Friday, August 13, 2010

Congressional Clerkship Initiative

A bill is currently pending in the Senate which could dramatically change legal hiring for the better. A significant movement is under way to create a Congressional Clerkship program to compete with the judicial clerkships that attract so many of the legal community's best students. Georgetown Law Associate Professor Dakota Rudesill is spearheading the effort along with Stanford Law Dean Larry Kramer and numerous GULC faculty and deans. Professor Rudesill has published two good articles on the issue here and here.

The bill passed in the House by an overwhelming majority, and Senate passage is very possible during the lame duck session this Fall. That would mean the program could start hiring as early as Fall 2011 for Summer 2012. Full text of the seven page bill is here.
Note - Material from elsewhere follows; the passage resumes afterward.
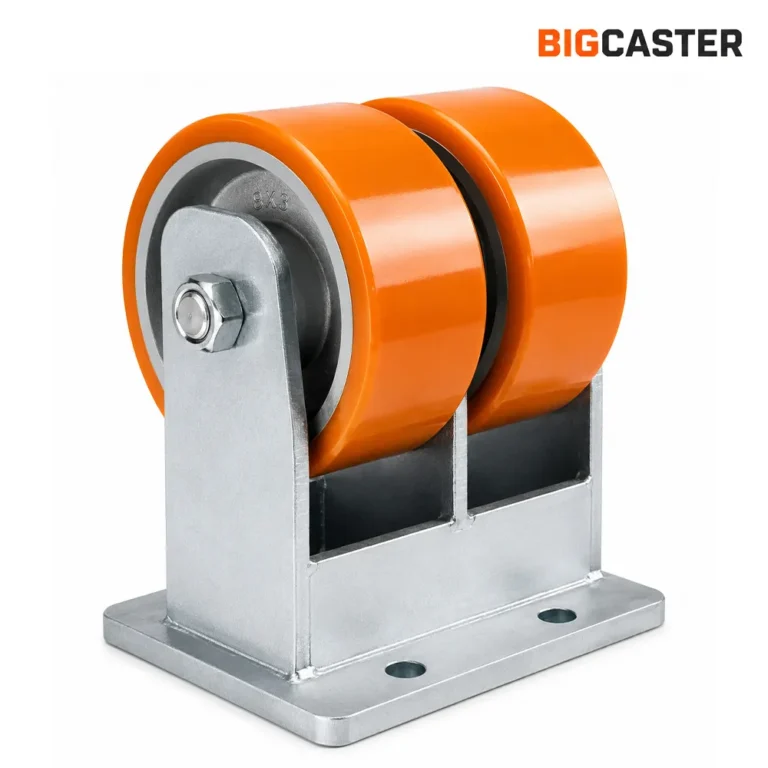 Super-heavy-duty-dual-wheel-polyurethane-rigid-casters-e0901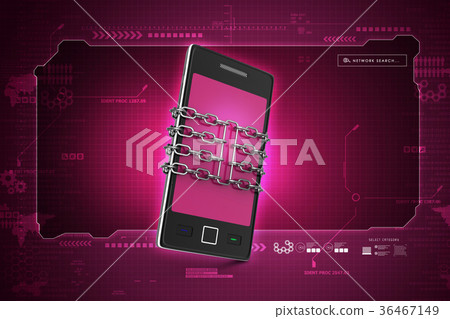 Smart phone with chain, safety concept Smart phone with chain, safety concept 36467149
A conference on the bill is tentatively scheduled for this November at Georgetown so stay tuned for more information.

1 comment:

Alec said...

It's really unclear to me what the benefit to Congress of this program is. There will be six more lawyers in each chamber (a huge % of congressional staff already possess law degrees). White House Fellows don't come straight from school (they must be working in their "chosen profession" already). The idea is to bring in people with experience in areas not typically represented by the White House staff. The comparison with the judiciary where there is no permanent staff is particularly inapposite.

As a former Hill Staffer who supervised others, there is no shortage of resumes from top flight recent law grads, so creating another dozen one year positions to be chosen by two committees doesn't really seem to add much.